ただ、そうは言っても漁船の装備や燃料費などの試算だけでは、中国軍が関与する決定的な証拠とはなり得ない。それでも防衛省や官邸筋がこの見方を強めているのには、さらなる理由が存在するのだ。
自衛隊幹部がこう続ける。
「実は外務省筋によると、中国軍内部から『この密漁行動は陽動作戦』とする声が、漏れ伝わってきているという。それによれば、中国軍の思惑は小笠原ではなく、『密漁作戦で日本の海上警備体制を分断し、尖閣に上陸して開戦に踏み切ることにある』という。これは我々が入手している尖閣奪取計画のうち、最も可能性が高いものと合致する。漁民に扮した工作員や民兵が尖閣に上陸し、中国国旗を掲揚して領有の既成事実を作るという作戦だが、その前段階として海保、海自の分断作戦を仕掛けてきた可能性が高いのです」
さらに、この自衛隊幹部によれば、密漁行為は以前から中国軍が唱えていた「超限戦」という戦術に酷似しているという。この戦略は通常の戦闘以外に、外交、テロ、諜報、金融、ネットワーク、法律、心理、メディアなどを駆使した複合戦だが、一連の動きはこの戦術にピタリと当てはまるのだ。
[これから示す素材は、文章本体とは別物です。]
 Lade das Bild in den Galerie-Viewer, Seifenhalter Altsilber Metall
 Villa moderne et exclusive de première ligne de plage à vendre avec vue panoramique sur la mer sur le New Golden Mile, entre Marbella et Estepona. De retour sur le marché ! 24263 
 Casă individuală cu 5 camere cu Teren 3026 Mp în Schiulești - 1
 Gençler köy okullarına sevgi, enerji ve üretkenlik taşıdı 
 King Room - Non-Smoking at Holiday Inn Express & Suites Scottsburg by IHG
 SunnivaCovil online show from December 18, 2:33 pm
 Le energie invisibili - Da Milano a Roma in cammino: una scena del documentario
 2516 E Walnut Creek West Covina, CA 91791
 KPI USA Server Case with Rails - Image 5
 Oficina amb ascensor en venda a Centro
「実際、200隻の漁船が小笠原周辺に詰めかけ、第三管区海上保安部をはじめ、他管区の巡視船も釘づけになっている。その一方で、相変わらず中国軍は、海警局所属の公船『海警』などを日本の領海に侵入させ、沖縄の第十一管区海上保安部を厳重警戒にあたらせ、海保の力を削いでいるのです。また、その最中に中国政府は、11月10日から北京で開かれるアジア太平洋経済協力会議(APEC)中の日中首脳会談を了承。硬軟併せ持つ巧みな波状攻撃で、日本政府を揺さぶり続けているのです」(同)
だが、仮に中国の狙いが尖閣諸島の奪取にあるとすれば、気になるのはなぜ今、中国側がこの作戦を実行に移したのかという点だ。実は、そこには2つの大きな動きがあるといわれているのだ。
政治部デスクが指摘する。
「その最たるものは、米国の弱体化だといわれている。知っての通り、米国では中間選挙でオバマ大統領率いる民主党が大敗北。東アジア各国の領土問題に対する抑止力を失い、自分の頭の上のハエすら追い払えない状態に陥った。中国側が諜報戦でこの事態を予測していたのは確実で、2カ月ほど前から小笠原にサンゴの密漁攻勢を仕掛けたとみられるのです」
実際、米国の没落ぶりは凄まじい。中間選挙でオバマ政権が歴史的敗北を喫した矢先に、傷心のケリー国務長官が「米中関係が最も重要だ」などと迷演説を繰り広げたほど。また、これに続き海軍制服組のトップであるグリーナート作戦部長が突如、南シナ海や東シナ海で中国海軍と軍事演習を行う方針を明かし、同盟国を仰天させているのだ。